Processing tissues for electron microscopy, particularly without osmium postfixation, has the tendency to extract most of the glycogen, leaving empty spaces within the cell cytoplasm. Liver cells prepared under these conditions showed large empty areas corresponding to the location of the glycogen deposits (Figure 2). In contrast, when we processed the same tissue with a protocol that includes postfixation with osmium tetroxide and lead citrate, large deposits of electron-dense particles characteristic of glycogen were found in the cytosol. The deposits are formed by rosettes of dense conglomerated particles (Figures 3 and 4).

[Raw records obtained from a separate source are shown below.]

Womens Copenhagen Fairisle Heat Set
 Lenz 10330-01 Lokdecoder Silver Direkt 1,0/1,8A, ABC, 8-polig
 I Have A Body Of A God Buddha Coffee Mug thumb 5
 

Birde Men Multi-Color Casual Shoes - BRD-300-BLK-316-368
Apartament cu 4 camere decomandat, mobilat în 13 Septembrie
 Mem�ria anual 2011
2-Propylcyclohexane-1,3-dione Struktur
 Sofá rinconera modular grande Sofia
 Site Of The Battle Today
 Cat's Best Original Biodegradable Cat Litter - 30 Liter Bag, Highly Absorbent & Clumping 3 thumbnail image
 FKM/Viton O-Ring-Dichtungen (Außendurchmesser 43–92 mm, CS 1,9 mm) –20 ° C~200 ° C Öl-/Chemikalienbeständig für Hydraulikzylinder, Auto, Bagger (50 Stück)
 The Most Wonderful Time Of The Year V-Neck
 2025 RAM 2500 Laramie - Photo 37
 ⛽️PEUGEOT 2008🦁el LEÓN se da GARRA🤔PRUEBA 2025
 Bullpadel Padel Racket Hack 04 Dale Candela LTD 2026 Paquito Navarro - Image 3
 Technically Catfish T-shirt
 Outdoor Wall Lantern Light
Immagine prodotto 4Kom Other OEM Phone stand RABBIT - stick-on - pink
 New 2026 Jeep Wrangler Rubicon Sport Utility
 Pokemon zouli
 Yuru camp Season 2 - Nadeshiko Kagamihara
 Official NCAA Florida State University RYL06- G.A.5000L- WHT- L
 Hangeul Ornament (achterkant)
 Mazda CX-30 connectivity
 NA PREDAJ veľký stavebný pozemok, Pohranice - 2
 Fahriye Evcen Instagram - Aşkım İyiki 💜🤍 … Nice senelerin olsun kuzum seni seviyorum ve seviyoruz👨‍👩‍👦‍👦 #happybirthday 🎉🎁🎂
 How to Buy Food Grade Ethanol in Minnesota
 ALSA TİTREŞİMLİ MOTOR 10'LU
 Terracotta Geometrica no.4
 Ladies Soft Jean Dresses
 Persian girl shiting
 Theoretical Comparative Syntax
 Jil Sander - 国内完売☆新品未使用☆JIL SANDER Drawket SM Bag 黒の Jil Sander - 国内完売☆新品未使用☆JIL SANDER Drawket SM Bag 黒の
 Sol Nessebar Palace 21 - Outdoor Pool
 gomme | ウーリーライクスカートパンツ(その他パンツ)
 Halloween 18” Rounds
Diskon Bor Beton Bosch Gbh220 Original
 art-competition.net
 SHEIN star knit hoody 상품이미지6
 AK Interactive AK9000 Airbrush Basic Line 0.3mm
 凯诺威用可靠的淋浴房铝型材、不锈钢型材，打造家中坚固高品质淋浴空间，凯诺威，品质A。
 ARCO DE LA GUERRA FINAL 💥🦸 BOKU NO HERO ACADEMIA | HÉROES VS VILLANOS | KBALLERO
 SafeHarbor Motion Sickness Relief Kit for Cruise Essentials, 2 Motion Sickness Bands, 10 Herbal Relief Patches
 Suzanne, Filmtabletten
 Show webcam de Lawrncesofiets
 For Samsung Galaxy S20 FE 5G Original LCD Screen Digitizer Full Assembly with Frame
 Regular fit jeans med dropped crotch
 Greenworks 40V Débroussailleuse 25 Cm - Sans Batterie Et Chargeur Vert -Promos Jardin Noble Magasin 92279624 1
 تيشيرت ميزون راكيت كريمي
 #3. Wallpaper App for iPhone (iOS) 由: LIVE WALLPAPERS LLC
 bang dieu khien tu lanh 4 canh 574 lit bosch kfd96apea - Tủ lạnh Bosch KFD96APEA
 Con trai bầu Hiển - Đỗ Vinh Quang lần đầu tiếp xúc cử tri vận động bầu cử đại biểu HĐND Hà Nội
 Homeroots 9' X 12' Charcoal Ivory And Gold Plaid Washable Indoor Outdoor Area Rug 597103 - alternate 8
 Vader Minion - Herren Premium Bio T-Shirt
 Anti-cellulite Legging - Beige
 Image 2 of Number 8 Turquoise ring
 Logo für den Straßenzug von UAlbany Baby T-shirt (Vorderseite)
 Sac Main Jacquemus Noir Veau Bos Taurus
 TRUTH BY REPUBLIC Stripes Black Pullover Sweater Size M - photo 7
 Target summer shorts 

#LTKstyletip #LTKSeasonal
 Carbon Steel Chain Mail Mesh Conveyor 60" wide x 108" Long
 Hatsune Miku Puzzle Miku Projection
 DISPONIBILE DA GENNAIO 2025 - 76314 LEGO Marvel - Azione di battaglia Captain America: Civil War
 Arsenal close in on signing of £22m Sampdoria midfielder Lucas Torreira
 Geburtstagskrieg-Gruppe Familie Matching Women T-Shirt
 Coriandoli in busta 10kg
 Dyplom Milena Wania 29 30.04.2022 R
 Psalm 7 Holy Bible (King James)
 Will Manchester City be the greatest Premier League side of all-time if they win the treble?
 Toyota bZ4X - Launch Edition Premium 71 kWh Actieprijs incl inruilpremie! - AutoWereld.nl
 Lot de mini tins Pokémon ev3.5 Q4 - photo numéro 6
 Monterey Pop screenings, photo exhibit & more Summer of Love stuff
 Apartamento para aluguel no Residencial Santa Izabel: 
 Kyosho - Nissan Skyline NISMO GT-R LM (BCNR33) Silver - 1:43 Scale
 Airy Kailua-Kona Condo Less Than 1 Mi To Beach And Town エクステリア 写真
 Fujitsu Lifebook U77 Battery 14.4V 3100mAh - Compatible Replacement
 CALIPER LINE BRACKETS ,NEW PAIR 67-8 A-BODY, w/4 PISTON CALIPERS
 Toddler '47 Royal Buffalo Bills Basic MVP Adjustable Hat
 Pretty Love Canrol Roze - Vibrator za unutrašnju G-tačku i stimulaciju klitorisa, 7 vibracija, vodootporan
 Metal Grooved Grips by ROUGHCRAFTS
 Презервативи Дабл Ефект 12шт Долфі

For the immunocytochemistry of AMPK subunits, the two fixation protocols yielded very different results. Immunogold with any of the AMPK subunit antibodies on glutaraldehyde-fixed, Lowicryl-embedded material resulted in a labeling by gold particles only over the cytosol (Figure 2). Clear areas presumed to have been filled with glycogen deposits prior to fixation were completely devoid of labeling. Indeed, extraction of the glycogen deposits appears to have led to the loss of the AMPK, inasmuch as little immunolabeling was found for any of the subunits tested (Figure 2). The remaining AMPK subunits revealed by the gold particles were restricted to areas of the cytosol associated with the rough endoplasmic reticulum (Figure 2). On the other hand, immunocytochemistry performed on sections of tissues processed using postfixation in osmium tetroxide and lead citrate and embedded in Epon, which retains the glycogen (Figures 3 and 4), yielded labelings of the AMPK subunits at the level of the cytosol-rough endoplasmic reticulum, but more significantly, at the level of the glycogen rosettes (Figures 3 and 4). Labeling for the three AMPK subunits (α₁, α₂, β₁) was found closely associated with the glycogen particles. Other cellular structures such as mitochondria and lysosomes exhibited very few gold particles (Figures 3 and 4). The three antibodies directed against the AMPK β₁ subunit yielded identical qualitative results, demonstrating strong association with the glycogen rosettes.

Figure 1

Results from Western blot analyses using two of the antibodies against the AMP-activated protein kinase (AMPK) β₁ subunit. The antibody from Santa Cruz (A) and that from Epitomics (B, C) were tested against liver tissue from normal rat (RAT), normal wild-type mouse (MWT), and AMPK β₁ knockout mouse (MKO). A single band between 37 and 40 kDa was obtained with tissues from normal animals, whereas no band was detected with liver tissue from the knockout mouse.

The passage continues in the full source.